23章 55日目 アドラー橋前広場 2
ただ丸暗記に覚えさせられたと思っていた家紋と家名の一覧が、今はそれぞれの顔がすぐ浮かび上がって親しみが胸にこみ上げる。みんな、みんな来てくれた、乗ってくれた。ただそれだけで、胸が熱くなる。
夜の奇襲という作戦なので、兵どもには私語を禁じている。しかし、昂奮した馬のいななきが微かに漏れ、控えても控えても響いてくる甲冑の擦れる音、まだまだ集まってくる諸侯の兵の靴音で、緊張がいやでも高まってくる。
無言のうちにまた引き出された。ランゴバルド式新型大砲。使者のひそやかな口上によると、ツィゼーン公からの差し入れ。みんなここで使わないと損だとでも思っているような。
うちの国が持ってる大砲は100門に満たないはずだ。それが、半分ほども集められて、もう、10門はアドラー橋脇の砦に目標を定めている。川のこちら側に、曾じいさんが王になる前からあった砦。戦乱の時代から、オストブルク防衛の拠点だった。
「密偵から情報が入りました。シュヴァルツリーリエ伯は今夜アドラー橋の砦におりますッ。差しでお話をなさるなら今夜しかございません!」
「ありがとよ、でも、どうする、伝令出すか?」
「とりあえずは燻り出します。
打ち方用意ーッ! 目標アドラー砦物見台!
放てェーッ!」
このめがねっこは砲術が得意だ。別人のような声を出して指揮杖を振り下ろして砲撃を指揮した。
轟音が轟いて、石造りの砦は上の物見台が吹っ飛んだ。流石は新型だ。歓声が上がった。岩がリューゲ川に崩れ落ちて、水音がした。
「おい! 橋を落とすなよッ!?」
「お平らに、まずは砦でございます」
「川せき止められたりしないだろうな?」
リューゲ川の水運は流域諸国の共有のものだ。内戦で勝手に川をせき止めたら上流の国に怒られるだろう。ただでさえ今はアドラー橋で水運が止められてるから苦情が入ってる。市内で色々どんぱちやってるオストブルクを避けて、商人共は近隣諸国回りの陸路をいろいろ検討中だということだった。ほんとばかあにきのせいでスイマセン。おれもスッキリ鎮圧できなくてゴメンナサイ。
「ある程度は計算しましたが。
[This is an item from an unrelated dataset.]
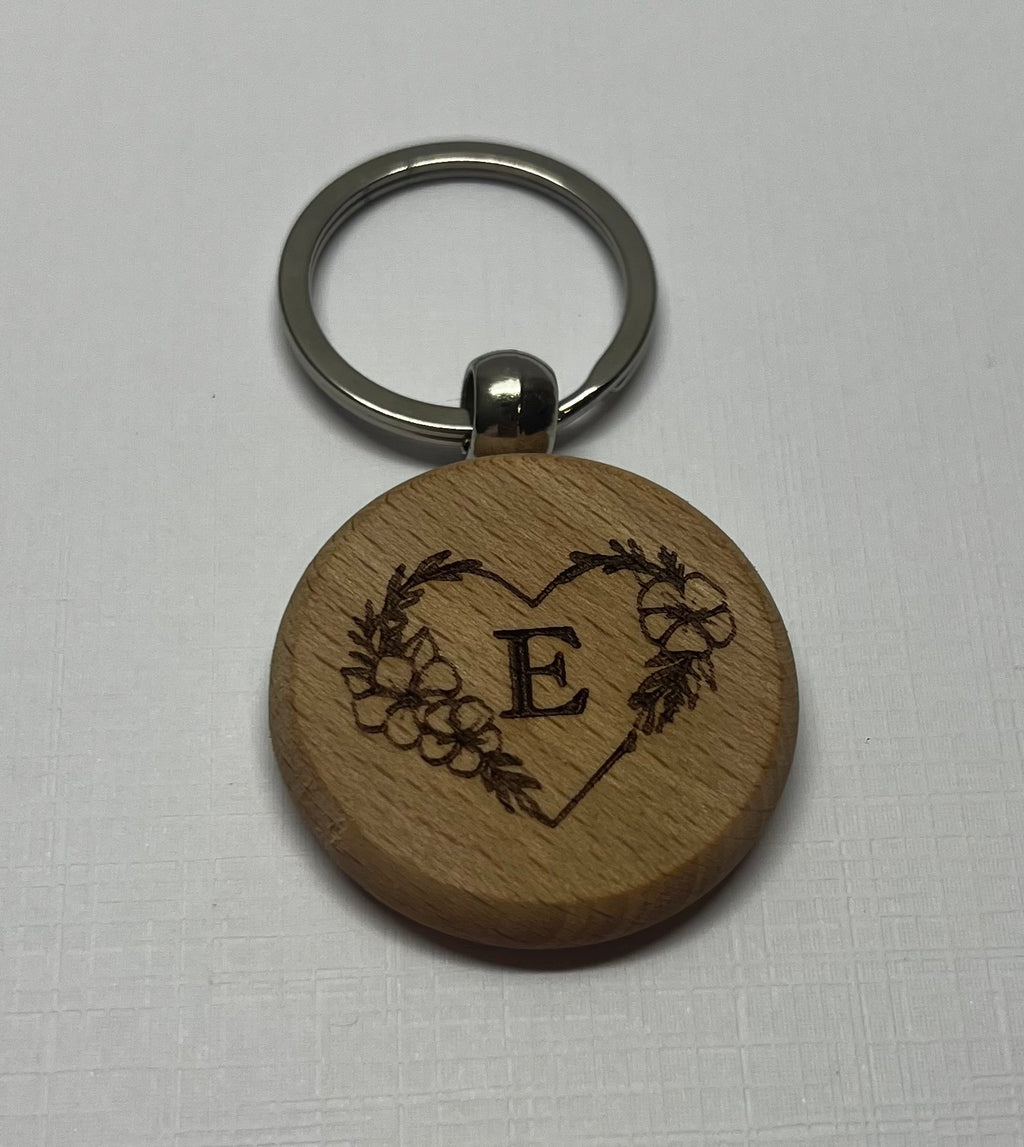 🔤 Porte-clés en bois gravé – Initiale personnalisée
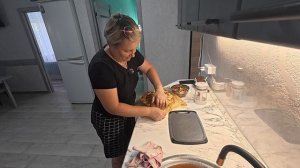 По сусекам поскребла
あとでさらえさせます」
こういうときのレオノーレは目のいろが違う。
「頼むぞ」
おれは任せるより他はない。
「第2射! 次は下半分を。
打ち方用意! 目標アドラー砦土台部! あとかたなく吹っ飛ばせ!
放てェーッ!」
連射できるように、大砲はいくつかに分かれて配置してあったらしい。すぐさま指揮に従って第2射が放たれた。アドラー砦はあとかたなく吹っ飛んだ。火薬の匂いで鼻がむずむずする。手をもって行くより先にレオノーレはハンカチを差し出した。
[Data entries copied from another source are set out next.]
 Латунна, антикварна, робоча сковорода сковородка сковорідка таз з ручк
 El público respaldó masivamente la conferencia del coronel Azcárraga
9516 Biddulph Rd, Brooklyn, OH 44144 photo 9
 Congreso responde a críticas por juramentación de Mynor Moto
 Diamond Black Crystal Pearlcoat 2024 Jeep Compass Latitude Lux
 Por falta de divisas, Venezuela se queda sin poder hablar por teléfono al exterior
あーあ。これ傷を付けないで取り返すのに一ヶ月掛けてたのに。
脇の建物から散り散りに出てきた兵共が橋を渡って対岸へ逃げてゆく。対岸はハウル侯の領地だったかな。ええと、反乱軍がわ穏健派。伯の奥方の実家で。
「追うな、逃がしてやれ」
フランツとも話していた。内戦だ。捕虜はとらない。同じ国の民ではないか。捕えてなんとする、そういう話だ。
「殿下はお甘い」
フランツは笑っていた。それでも、許してくれた。
「第3射!」
レオノーレはしかし容赦なかった。